Taking Parcells' place with the Patriots was Pete Carroll, who had coincidentally been the Jets' head coach in 1994. The Patriots began the season 5–1 but later stumbled to a 6–5 record later in the season. The Patriots managed to finish 10–6 and first in the AFC East for the second straight season.
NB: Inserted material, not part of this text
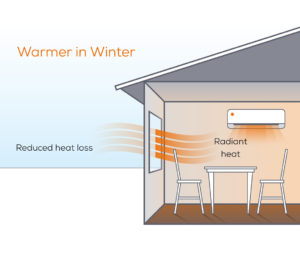 double glazing window keeps home warmer in winter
With the third seed in the AFC playoffs, the Patriots defeated the Miami Dolphins 17-3 in the Wild Card Game but were defeated by the Pittsburgh Steelers, 7–6, on the road the next week.

1997 NFL draft

Staff

Schedule

Postseason

Schedule

Standings

Notable games
 August 31 v San Diego Chargers:
The Pete Carroll era of the Patriots started with a bang as Drew Bledsoe threw for 340 yards and four touchdowns in a 41–7 runaway.  Stan Humphries managed a touchdown throw but was pulled in the fourth quarter for Jim Everett; Everett was intercepted and Willie Clay ran back a 53-yard touchdown.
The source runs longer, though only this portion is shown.